News Feature | September 13, 2013

Cloud Technology Can Reduce HIPAA Breach Risks

Source: Health IT Outcomes
Greg Bengel

By Greg Bengel, contributing writer

While many providers worry that cloud technology puts their data at risk, it may actually be ideal for safeguarding protected health information from HIPAA breach risks

Many provider organizations have been reluctant to utilize cloud technology due to concerns about data security and HIPAA compliance. According to CDW’s 2013 State of The Cloud Report, the healthcare industry is slower than most when it comes to the adoption of cloud technology, coming at seventh out of eight industries in terms of adoption. Among the reasons why, according to the study, are security concerns.

Other studies have suggested the concern is not misplaced. Health IT Outcomes previously reported on a Ponemon Institute study that emphasizes the extent to which cloud technology poses a risk to provider data when utilized in a negligent, sloppy manner. 

However, a recent article from Healthcare IT News discusses how cloud technology actually is ideal for reducing HIPAA compliance risk. Referencing provider organizations’ fear of damaging their reputations – an outcome which inevitably results from having to report HIPAA breaches -- the article points us to data on HIPAA breaches published recently by HHS.

The data shows that this fear may be unfounded, and that cloud technology actually reduces these risks, not amplifies them. Healthcare IT News explains, “Loss or theft of electronic equipment or storage media has been the source of more than 66 percent of all large HIPAA breaches during this period. The individuals affected by these breaches amount to nearly 73 percent of all individuals affected by large HIPAA breaches reported to HHS during the same time period. In most cases the theft or loss involved a laptop or electronic media, such as a flash drive, containing unencrypted PHI. In contrast, large breaches attributed to hacking amounted to 8 percent of the total incidents and affected 6 percent of the individuals whose PHI was disclosed.”

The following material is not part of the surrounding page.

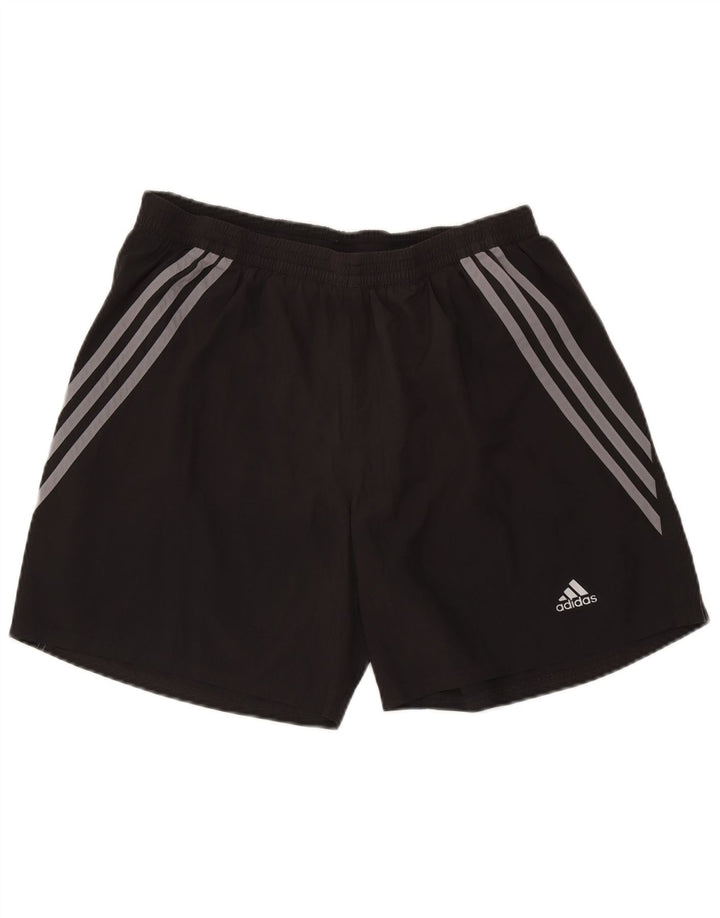 Adidas Short de sport pour homme XL Noir Polyester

The article rightly sums up this information. “These data suggest that the implementation of IT systems that enable secure sharing of information without the need to transport it on a computer or storage media will go a long way toward eliminating the majority of large HIPAA breaches,” it says.

Healthcare IT News explains that making sure protected health information (PHI) is not being transported on equipment like laptops or flash drives is perhaps the most important thing providers can do to eliminate risk for HIPAA breaches. By keeping data in the cloud, the only PHI on the user’s computer is the PHI the user is currently viewing on his web browser. Also, “The use of the cloud can also facilitate enforcement of encryption requirements,” says the article. “For example, many of the new commercial systems encrypt all data while in transit and while at rest. This means that even if data somehow become accessible to an unauthorized person, they would be secured and could not be read unless the hacker also obtains the encryption key.”